Consider using Pretrained Generative Models like T5, GPT-3, or BART for generating coherent and well-structured summaries. These models excel at tasks like summarization and text generation, and can be fine-tuned to produce high-quality outputs based on the extracted insights from reviews. You are encouraged to explore other Transformer-based models available on platforms like Hugging Face. Fine-tuning any of these pre-trained models on your specific dataset could further improve the relevance and quality of the generated summaries.
- Primary Dataset: Amazon Product Reviews
- Larger Dataset: Amazon Reviews Dataset
- Additional Datasets: You are free to use other datasets from sources like HuggingFace, Kaggle, or any other platform.
- All your three components (classification, clustering, and text summarizer) should be visible or possible to interact with on the page in some form.
- You are free to host the models on your laptop or any cloud platform (e.g., Gradio, AWS, etc.).
- Source Code:
- Well-organized and linted code (use tools like
pylint). - Notebooks should be structured with clear headers/sections.
- Alternatively, provide plain Python files with a
main()function.
- Well-organized and linted code (use tools like
- README:
- A detailed README file explaining how to run the code and reproduce the results.
- Final Output:
- Generated blog posts with product recommendations.

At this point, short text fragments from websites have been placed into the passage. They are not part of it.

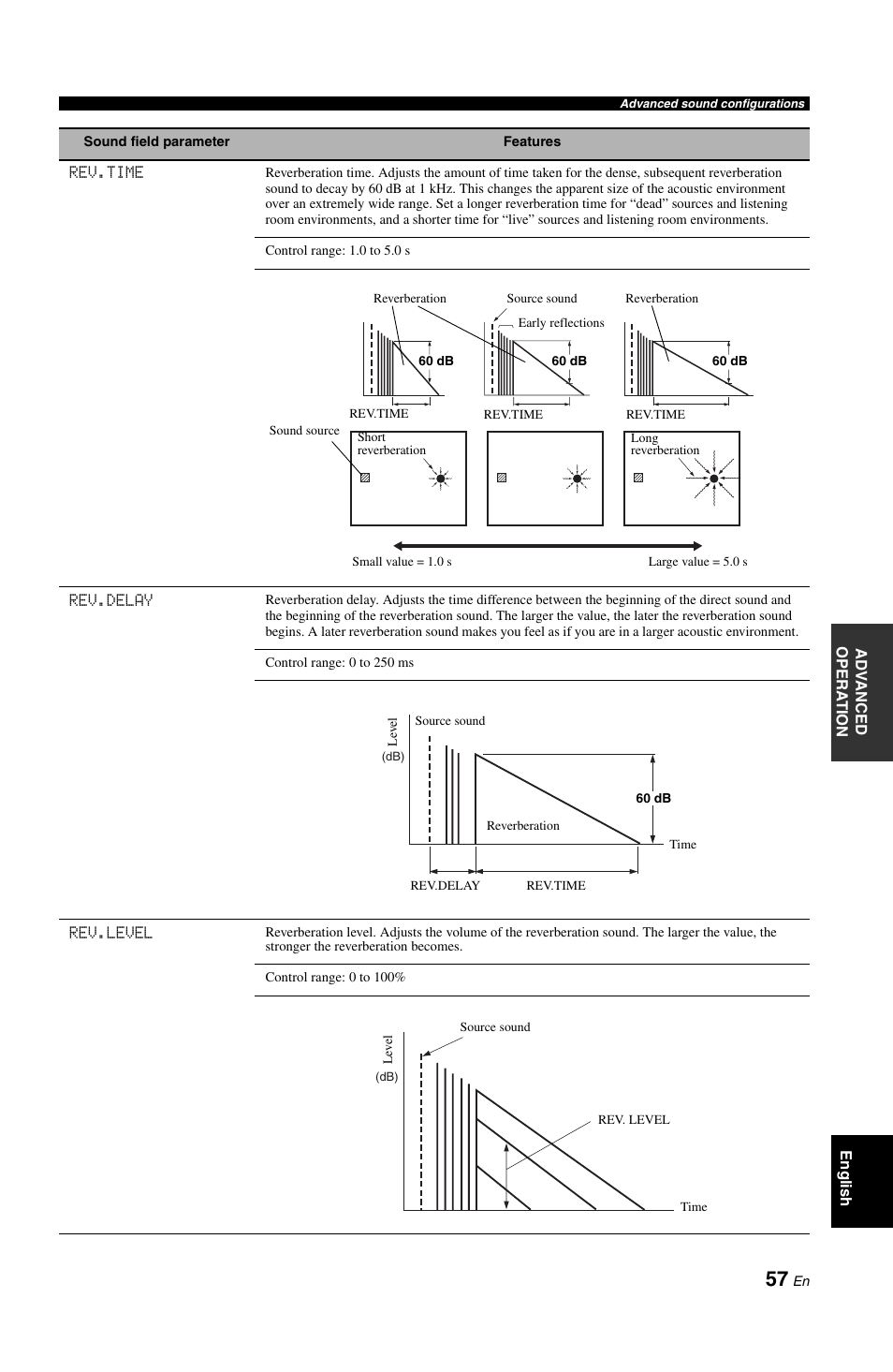 Yamaha DSP-AX861SE User Manual | Page 59 / 117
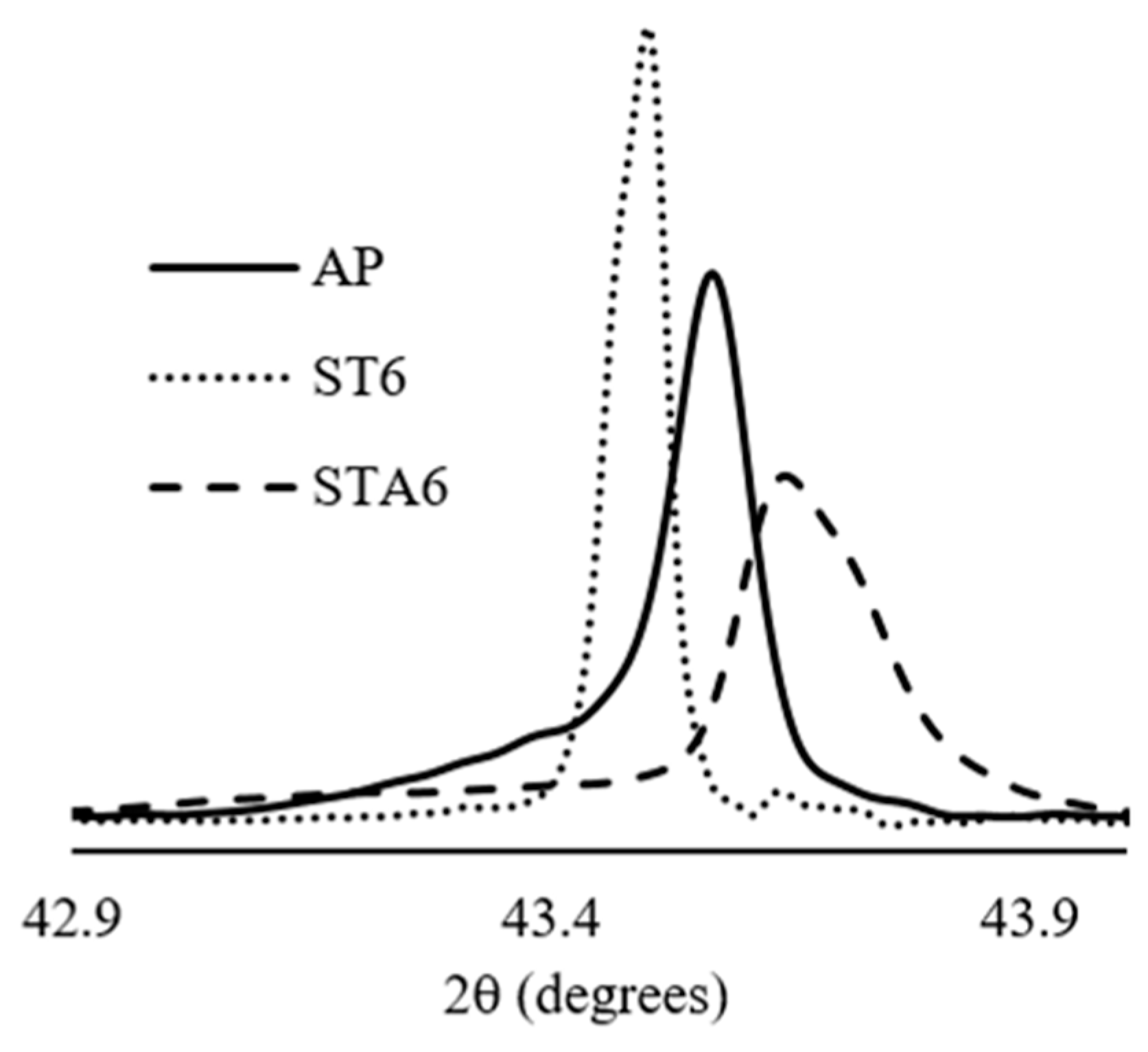 Metals 11 00266 g010 Metals 11 00266 g010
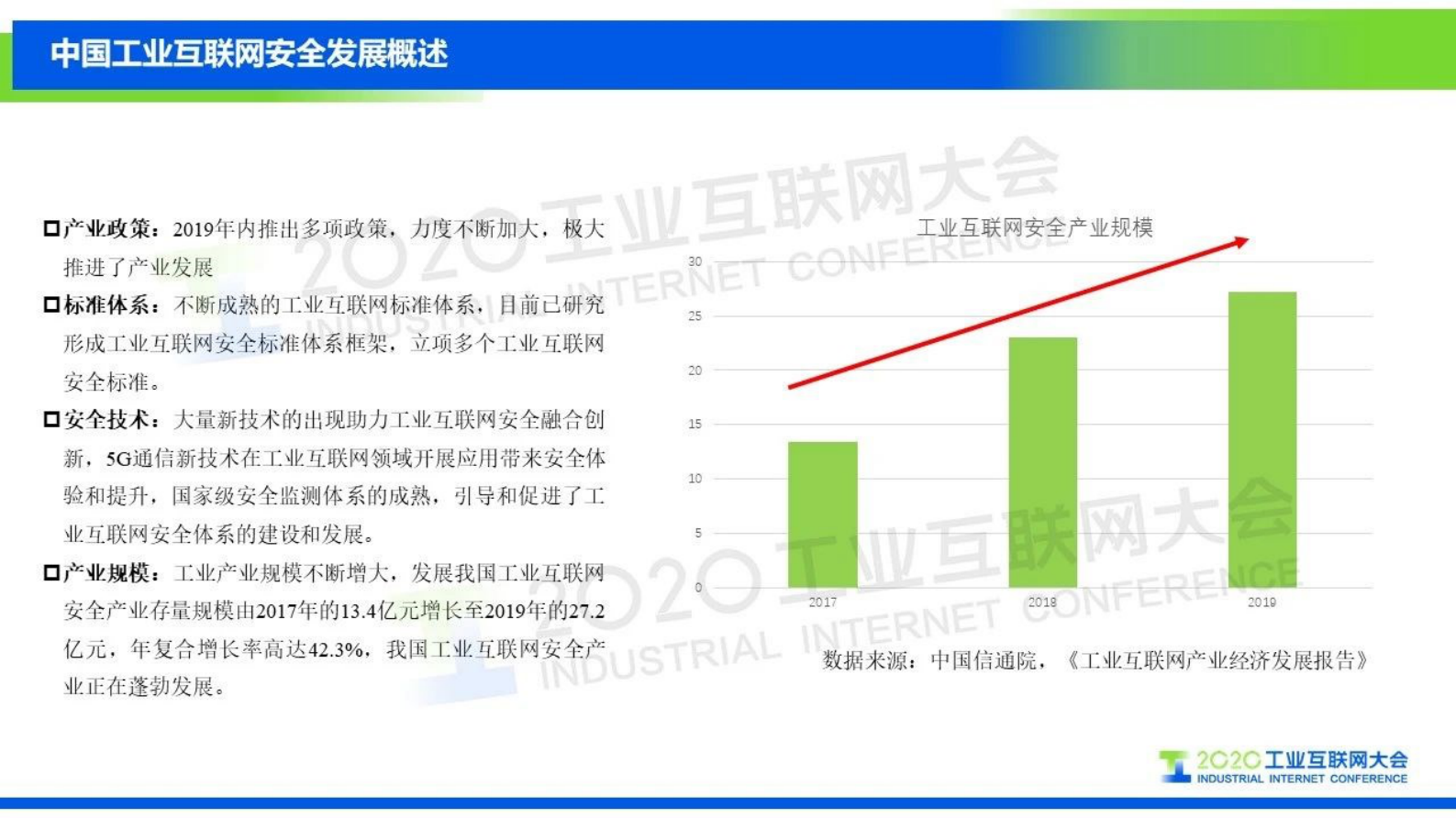 36.李江力：《2019中国工业互联网安全态势报告》解读 第3页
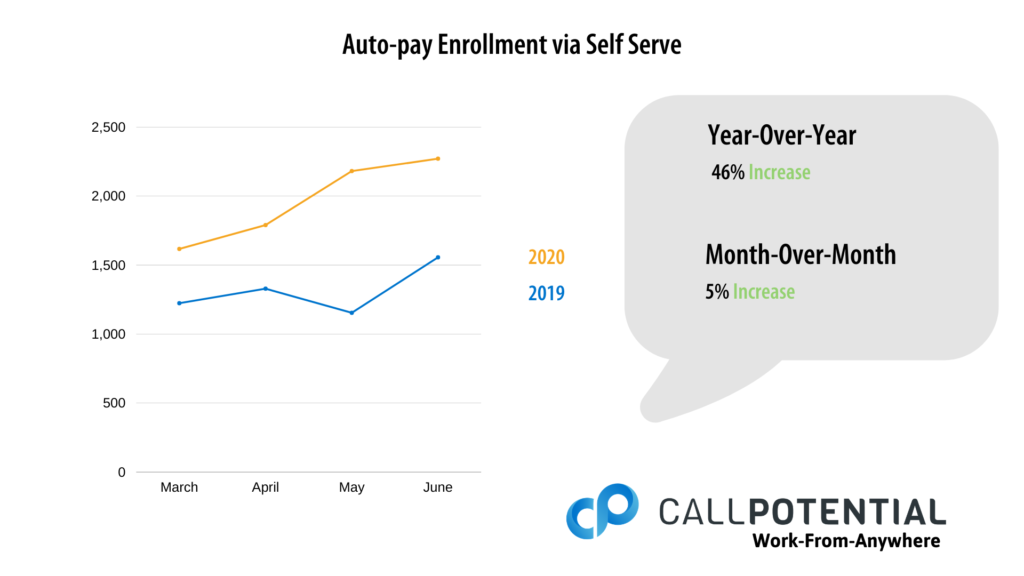 Auto Pay Enrollment Via Self Service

- A website, text file, or Word document containing the final results.
- PPT Presentation:
- A presentation (no more than 15 minutes) tailored for both technical and non-technical audiences.
- Bonus | Deployed Model:
- Bonus: A deployed website/app using the framework of your choice.
- Bonus: Host the app so it can be queried by anyone.
| Task | Points |
|---|---|
| Data Preprocessing | 15 |
| Model for Review Classification | 20 |
| Clustering Model | 20 |
| Summarization Model | 30 |
| PDF Report (Approach, Results, Analysis) | 5 |
| PPT Presentation | 10 |
| Bonus: Deployment & Hosting the App Publicly | 10 |
Passing Score: 70 points.
- Teamwork: Work individually or in groups of no more than 2 people.
- Presentation: Tailor your presentation for both technical and non-technical audiences.
- Data Collection: Gather and preprocess the dataset(s).
- Model Development:
- Build and evaluate the review classification model.
- Develop and test the clustering model.
- Create the summarization model using Generative AI.
- OPTIONAL | Deployment: Deploy the models using your chosen framework.
- Documentation: Prepare the README, PDF report, and PPT presentation.
- Final Delivery: Submit all deliverables.